→ **Task description**: When you write out the records, keep every word exact and drop the pictures.

Pictures with short captions:
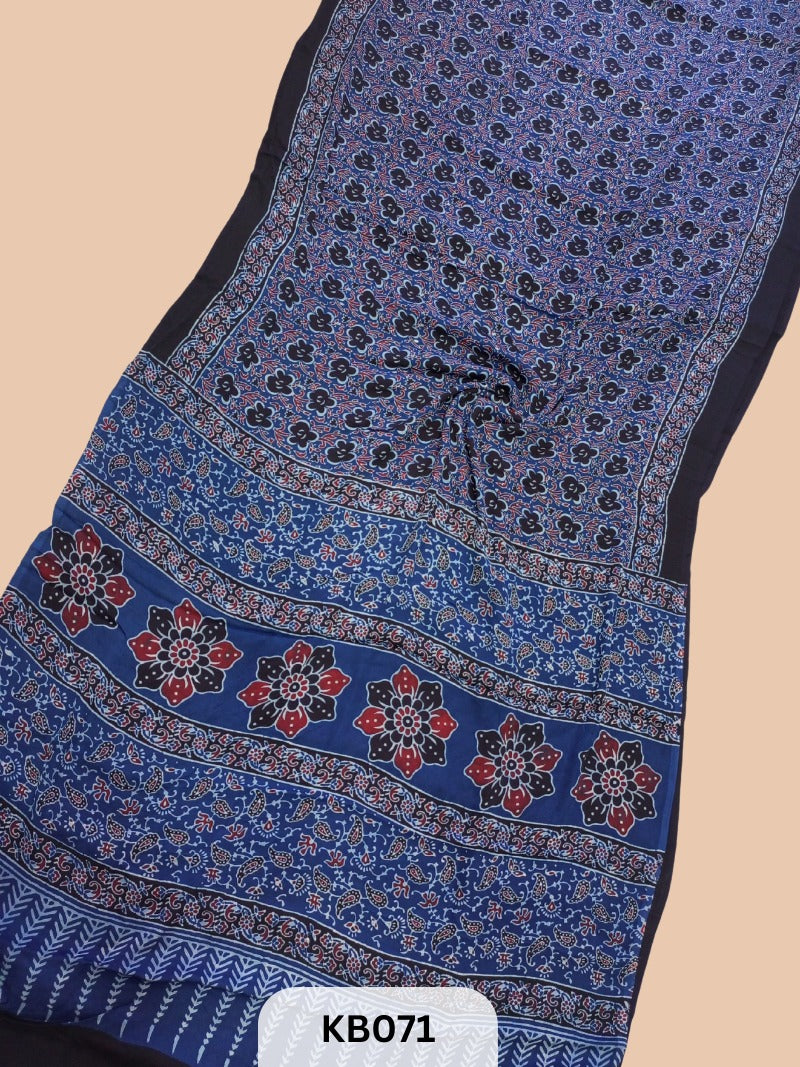 Modal Silk Saree with Ajrakh Print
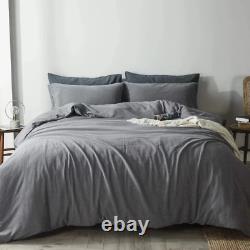 Linen 100% Pure Dark Gray Pure Duvet Cover / Gray Duvet Cover With Two Matching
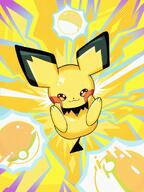 amount:solo body-type:semi-anthro species:pichu style:dithering style:kawaii style:yellow // 768x1024 // 115KB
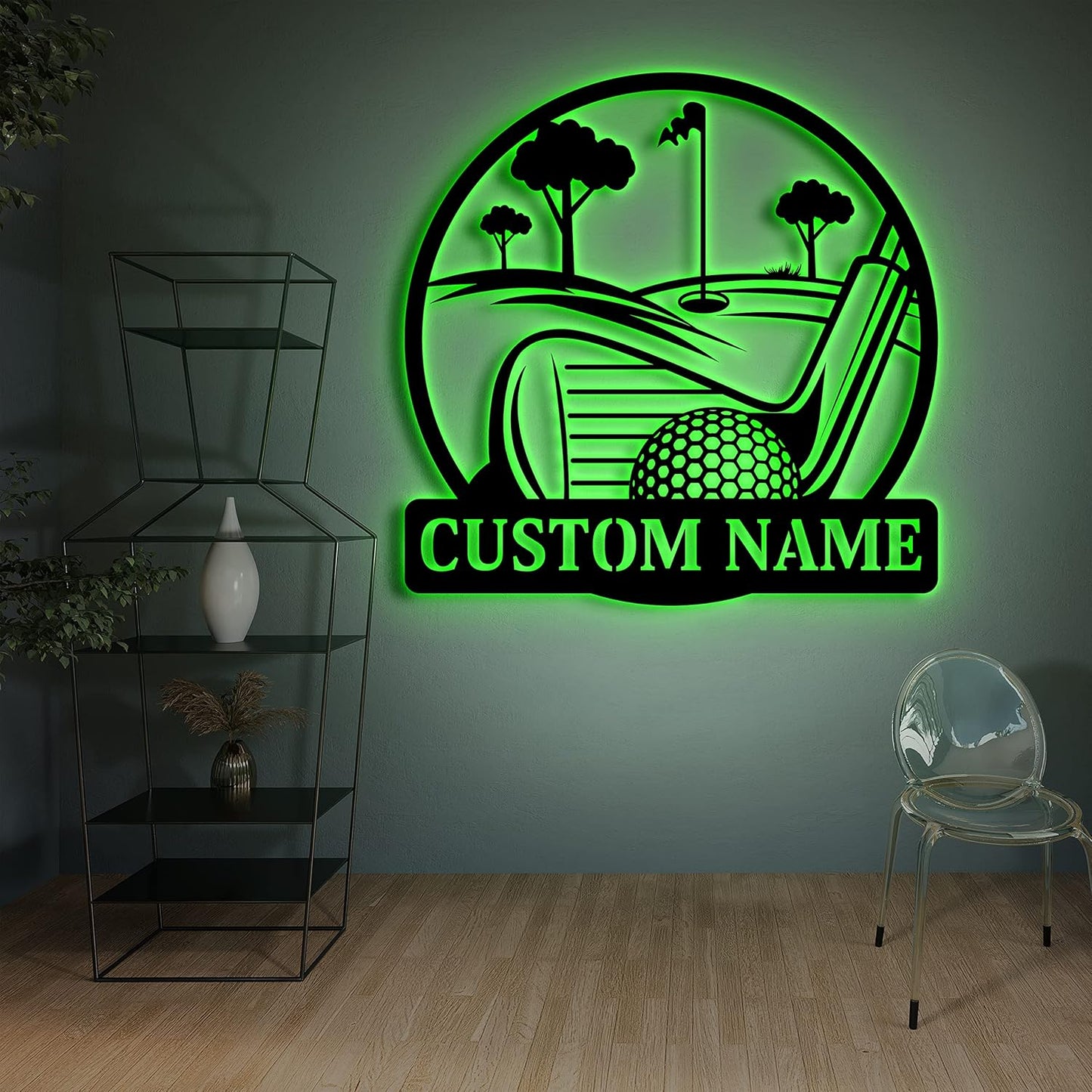 Personalized Men_s Golf Monogram Metal Sign LED Light, Wall Art Decor, Sports, Golfing, Golf, Metal Signs, Home Living Decor, Home Decor, Gift For Dad, Son, Sports Lovers, Christmas Gift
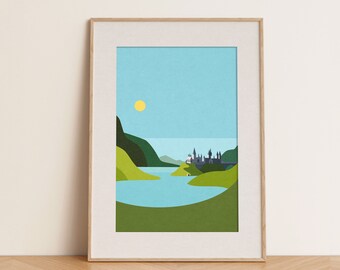 Magic School Castle Wall Art at Mid Day, Magic Wizard School Wall Art, Minimalist Hog warts Art, HP Fan Art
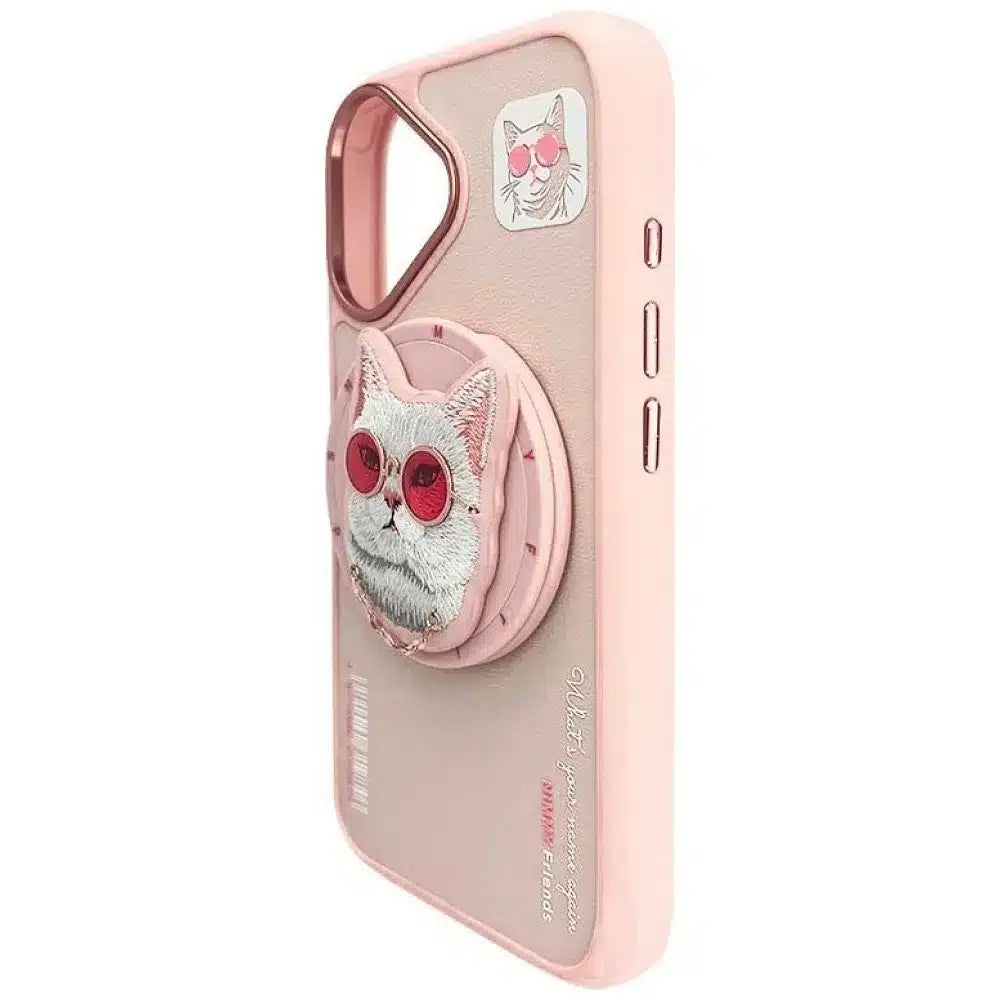 NIMMY GLASSES COOL CAT MagSafe združljiv ovitek za iPhone 16 roza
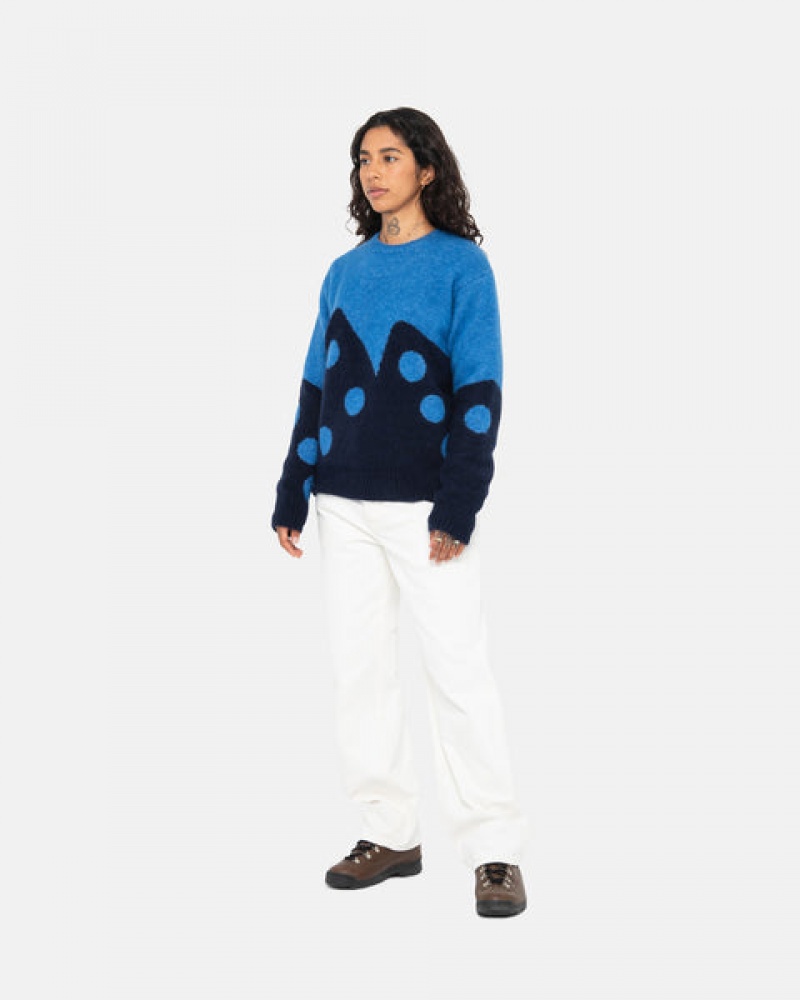 Stussy Dice Fuzzy Crew Kazak Kadın Mavi Türkiye | OQE-3495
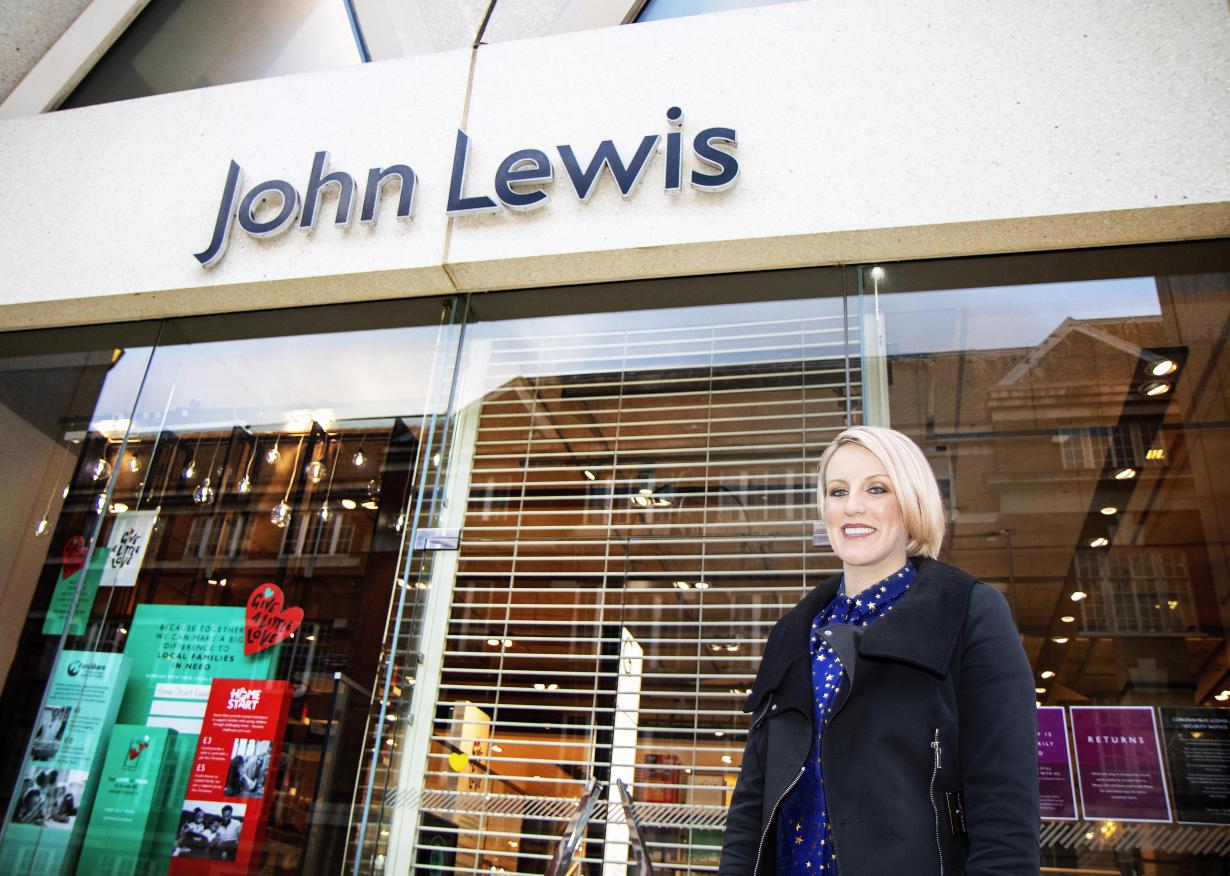 Steph Mcgovern in front of John Lewis shop mid-shot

→ **Solved exercise**:
 Modal Silk Saree with Ajrakh Print
 Linen 100% Pure Dark Gray Pure Duvet Cover / Gray Duvet Cover With Two Matching
 amount:solo body-type:semi-anthro species:pichu style:dithering style:kawaii style:yellow // 768x1024 // 115KB
 Personalized Men_s Golf Monogram Metal Sign LED Light, Wall Art Decor, Sports, Golfing, Golf, Metal Signs, Home Living Decor, Home Decor, Gift For Dad, Son, Sports Lovers, Christmas Gift
 Magic School Castle Wall Art at Mid Day, Magic Wizard School Wall Art, Minimalist Hog warts Art, HP Fan Art
 NIMMY GLASSES COOL CAT MagSafe združljiv ovitek za iPhone 16 roza
 Stussy Dice Fuzzy Crew Kazak Kadın Mavi Türkiye | OQE-3495
 Steph Mcgovern in front of John Lewis shop mid-shot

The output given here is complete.